The Discovery of Kalyke
The moon of Kalyke was first identified on November 23, 2000, when astronomers at the University of Hawaii’s Mauna Kea Observatory identified a series of smaller moons around the rings of the planet. Kalyke was discovered as part of a search of the rings of Jupiter led by Scott S. Shepherd, David C. Jewitt. Yanga R. Fernandez and Eugene Magnier would reveal many of the moons that had previously remained hidden for centuries.
A Part of the Carme Group of Moons
Kalyke has been classified as part of the Carme group of moons that are believed to have a common origin. To date, more than 20 moons have been discovered with the original asteroid Carme thought to still be orbiting Jupiter with around 99 percent of its material still in place. Most astronomers believe Carme was dragged into orbit around Jupiter when it was an asteroid that traveled too close to the planet. It is not clear if a collision took place within the orbit of Jupiter or before leading to the material breaking apart and frming smaller moons such as Kalyke.
A Retrograde Orbit
The orbit of Kalyke is not a traditional circle but instead is described as eccentric. An eccentric orbit is best described as moving closer and further from the surface of Jupiter as the moon moves around the largest planet in our solar system. Kalyke moves in an orbit that is an average of 14.6 million miles from the surface of Jupiter taking around 742 Ear5th days to complete a single orbit of the planet. The orbit of Kalyke is retrograde, meaning the moon orbits in the opposite direction to the movement of the planet of Jupiter as it spins around the Sun.

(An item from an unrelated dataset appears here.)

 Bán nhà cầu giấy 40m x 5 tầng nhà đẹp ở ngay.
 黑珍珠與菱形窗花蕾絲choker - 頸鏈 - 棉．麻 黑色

All the members of the Carme group of moons move in a retrograde orbit as part of the characteristics of the group of moons.
The Characteristics of Kalyke
The characteristics of the Jovian moon, Kalyke include its distinguishing deeper red color than the other members of the Carme group that are characterized by a lighter red color. The size and shape of Kalyke have been difficult to determine because of the brightness of Jupiter and the distance to the planet. Calculations have stated Kalyke is approximately 1.6 miles in radius with the shape of the moon remaining irregular because of its small nature.
Giving Kalyke its name
The naming of Kalyke has taken a number of steps to complete with the moon initially named by the team of astronomers discovering it as S 2000/J2. Jupiter’s moons are also numbered using roman numerals with Kalyke known as Jupiter XXIII before being given its official name. As with the other moons of Jupiter, Kalyke is named after a figure from Greek mythology, in this case, the mother of Endymion.